President Javier Milei has placed Argentina’s intelligence services (Agencia Federal de Inteligencia, AFI) under trusteeship via an emergency decree and will implement a régime of voluntary retirement for spies.
News of the overhaul a day after the new head of state appointed 39-year-old lawyer Silvestre Sívori as the agency’s new chief.
Via Emergency Decree 22/2023, published last Wednesday in the Official Gazette, President Milei ordered a trusteeship for AFI (ex-SIDE) for the next two years "or until the motives (for this move) cease to apply."
The institution had already been placed under the control of a previous trustee by Milei’s predecessor Alberto Fernández. But Milei complained that there had been "a notorious institutional decay in detriment to the objectives proposed by the Ley de Inteligencia Nacional N° 25.520."
"Trusteeships aim at removing the causes for them, guaranteeing the faithful fulfilment of the objectives attributed to the organisation by the law of its creation until the institution is normalised," underlined the head of state.
The president further criticised that the Frente de Todos administration "drained the organisation of funds with the apparent objective of subsequently re-allocating them to nutritional and educational public policies to tackle the social emergency yet there is no substantial evidence of their being duly accredited."

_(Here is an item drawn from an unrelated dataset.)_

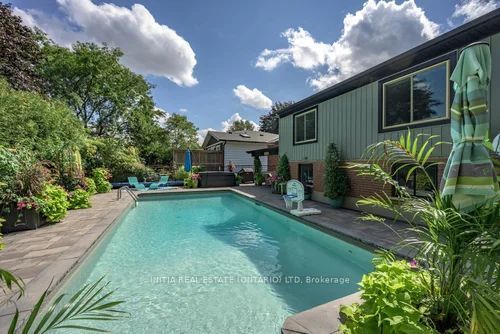 18 Hammond Crescent Property Photo 5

Via the trusteeship Milei will seek to "revise the use of reserve funds as well as the purchases and contracts made within the framework of the revived Decree N° 1311/15 and its amendments and Decree N° 331/23 in order to detect any anomaly or non-compliance, in which case investigations will be started and the corresponding denunciations made."
Austerity at AFI
The decree also left it quite clear that Milei’s cost-cutting plan would have an impact on AFI structures, "placing on stand-by the staff as [the trustee] estimates to be convenient" and "the extraordinary pensioning-off of those agents who, without regard to age, have met the requisites for voluntarily obtaining their pensions with their services no longer necessary."
To that end "a Commission for the Re-categorisation of Staff will be created" while advancing in the implementation of "a régime of voluntary retirement" for spies, it details.
"It is imperious to restructure state intelligence so that there is coordination between its various members directed towards the specific activities of intelligence and counterintelligence with the objectives of protecting national sovereignty and preserving constitutional order, as well as formulating useful intelligence tips for the pursuit of national objectives," remarked the President in his emergency decree.
Appointment
In the same edition of the Official Gazette, Milei also formalised the designation of the lawyer Silvestre Sívori as AFI trustee.
The 39-year-old is a close ally of Cabinet Chief Nicolás Posse, like many in Milei’s government, with a track record in City Hall and the 2015-19 Cambiemos Presidency.
Sívori’s name had been rumoured as a potential AFI chief. Others in the frame for the post included Santiago Caputo and Mariano Federici, the former head of the UIF anti-money-laundering watchdog.
During his time in the City administration, Sívori held positions in the Legal & Technical Secretariat and the Environmental Protection Agency. He was also a lawyer in the General Technical, Administrative and Legal Directorate of the City’s Transport Undersecretariat.
He moved to the national government in 2016, working with then-Transport minister Guillermo Dietrich in the portfolio’s legal department until 2019. In 2021, he again worked for City Hall in its Attorney-General's Office.
In 2017, Sívori was temporarily appointed (for 180 days) to the position of general director of legal affairs under the Undersecretary of Administrative Coordination of the Transport Ministry, according to data from the Official Gazette published in that year.